The CEO recently informed employees that further blurring the line between work and life is the recipe for success and is pushing for staff to put in more overtime, according to an email Shah wrote to his employees, which was obtained by Business Insider last week.
“Working long hours, being responsive, blending work and life, is not anything to shy away from,” he wrote in the email. “There is not a lot of history of laziness being rewarded with success. Hard work is an essential ingredient in any recipe for success.”
Shah informed staff that this is a change that will be pushed for in the “weeks and months to come,” citing that the most successful people he knows follow this work culture.
“Everyone deserves to have a great personal life – everyone manages that in their own way – ambitious people find ways to blend and balance the two. I think that is what we all should do,” he wrote.
He is also encouraging staff to be “aggressive, pragmatic, frugal, agile, customer oriented, and smart” and to be more careful with spending company money going forward.
“I would also encourage you to think of any company money you spend as your own. Would you spend money on that, would you spend that much money for that thing, does that price seem reasonable, and lastly – have you negotiated the price? Everything is negotiable and so if you haven’t then you should start there,” he wrote.
“There is not a lot of history of laziness being rewarded with success.
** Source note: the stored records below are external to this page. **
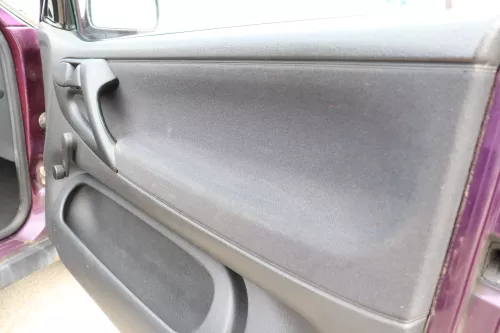 VW Polo 6N Türverkleidung Verkleidung Tür vorne rechts + links 2/3-Türer off-bla (158510)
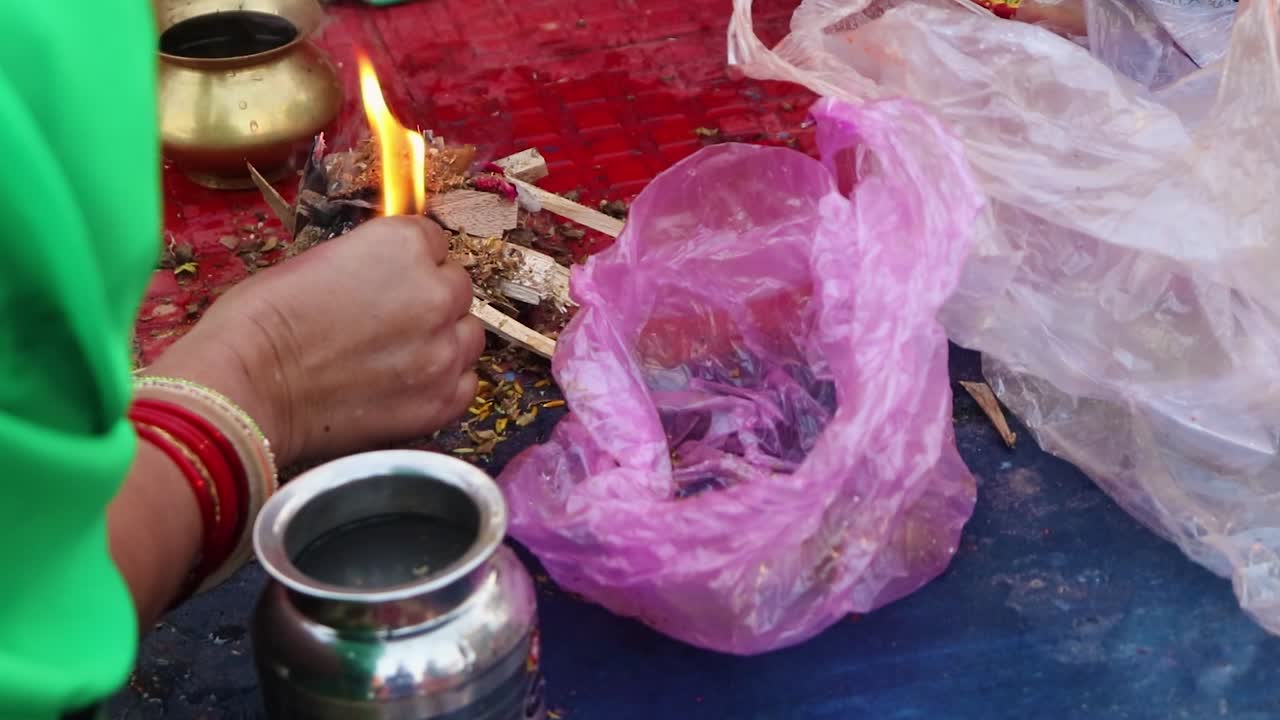 devota haciendo rituales sagrados en el festival desde diferentes ángulos el video se toma en las ocasiones del festival chhath que se utiliza para celebrar en la india del norte el 28 de octubre de 2022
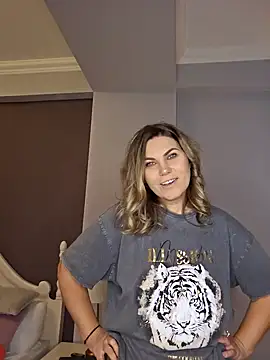 FeliciaKrige online show from February 10, 2025, 9:58 pm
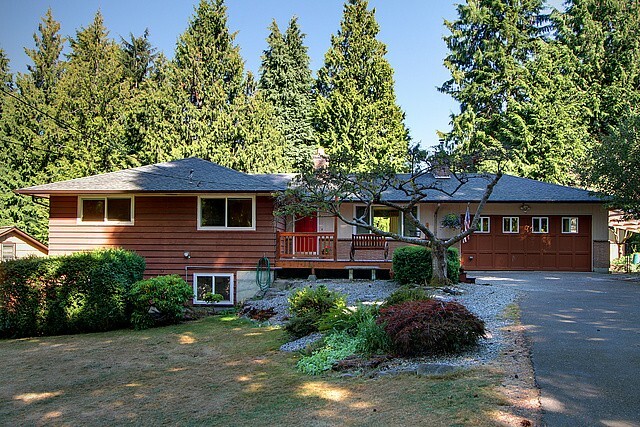 Property Photo:  14818 Ashworth Ave N  WA 98133 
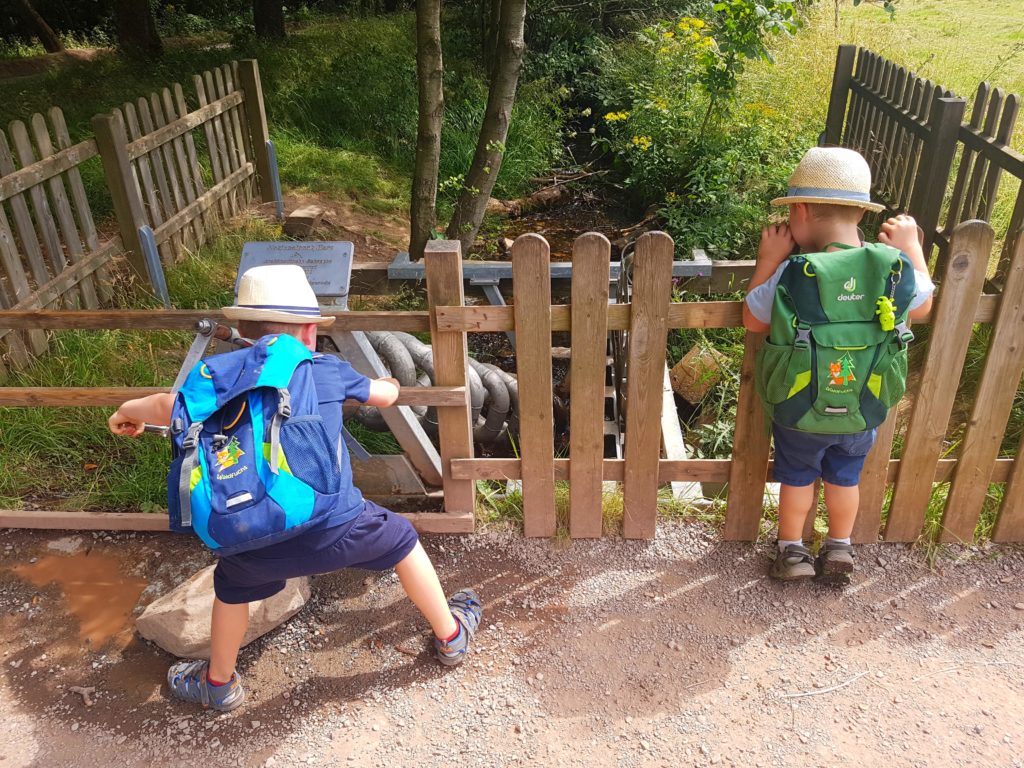 Kinder drehen die Schraube um den Wasserkreislauf in Ganz zu Bringen, Wasserstation Löwenzahn Pfad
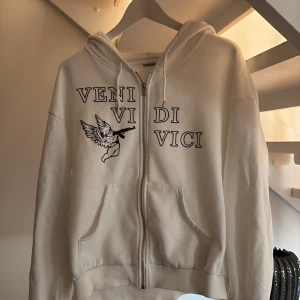 Vivido hel zip hoodie - En vit hel zip hoodie från vivido vilket inte finns längre alltså är de väldigt svåra att få tag i.  Storlek S, bra skick 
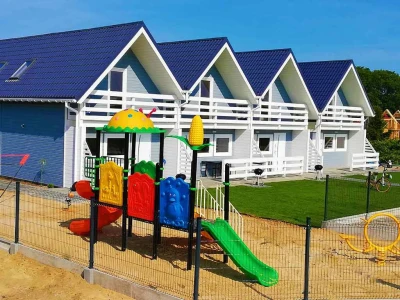 Rodziny z dziećmi wybierają obiekty z atrakcjami. Dlaczego warto zainwestować w plac zabaw?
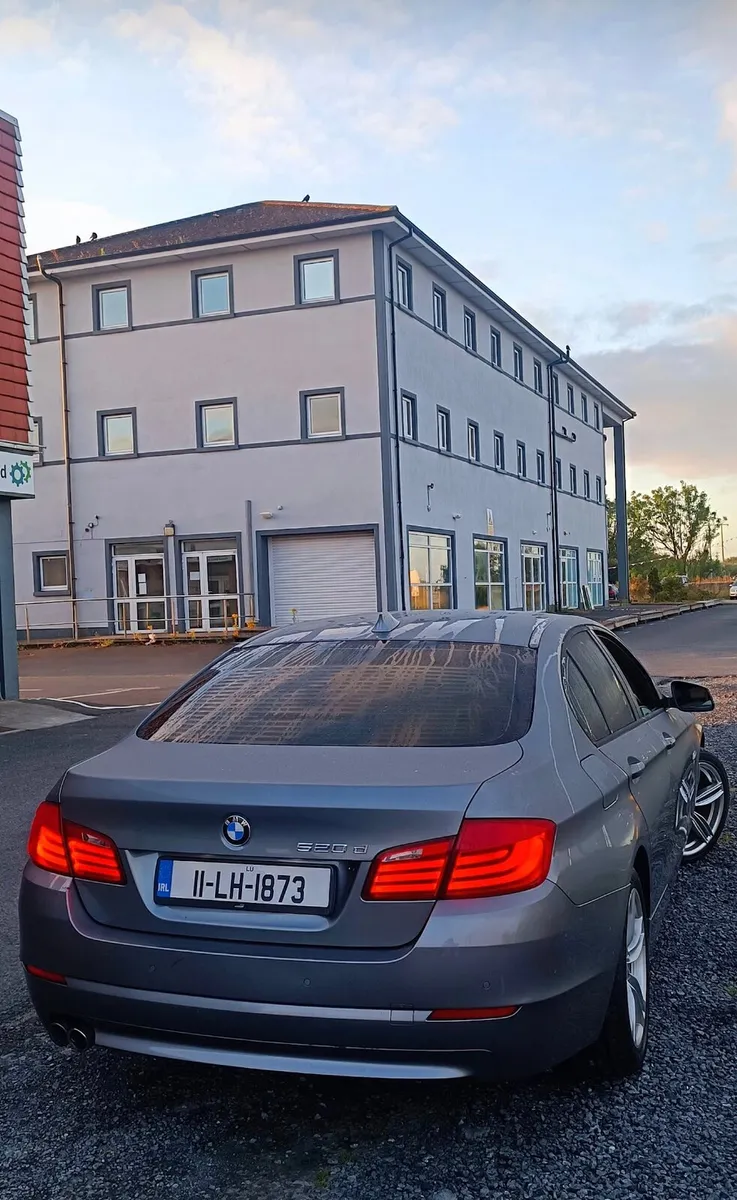 BMW 520d F10 With a broken engine - Image 3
Hard work is an essential ingredient in any recipe for success.”
Says the corporate executive whose success is measured entirely by the hard work of others.
I hope Wayfair collapses and dissolves.
It will.
He laid off 900 people last year as the company lost nearly 400 million dollars, selling cheap shit Chinese furniture.
Safe to say, he doesn’t know what he’s talking about.
Despite what Wall Street thinks, layoffs are almost always the sign of a poorly run company, especially when they do it multiple years in a row, and really especially when they do it during good economic years.
Data from the last 40 years, when layoffs started becoming commonplace, show that companies who lay off in multiple years, especially at the end of the year, see two things happen: their stock price goes up, and they are out of business within 10 years after starting the practice.
These numbers are just averages, but play the odds if you invest in stocks: don’t buy stocks of companies that lay people off, just as you wouldn’t bet on an NFL team that fires its coach every other year.
sign of a poorly run company
I agree but can also be a sign of vulture capitalists stripping value out of a company to line their own pockets before the whole thing goes belly up.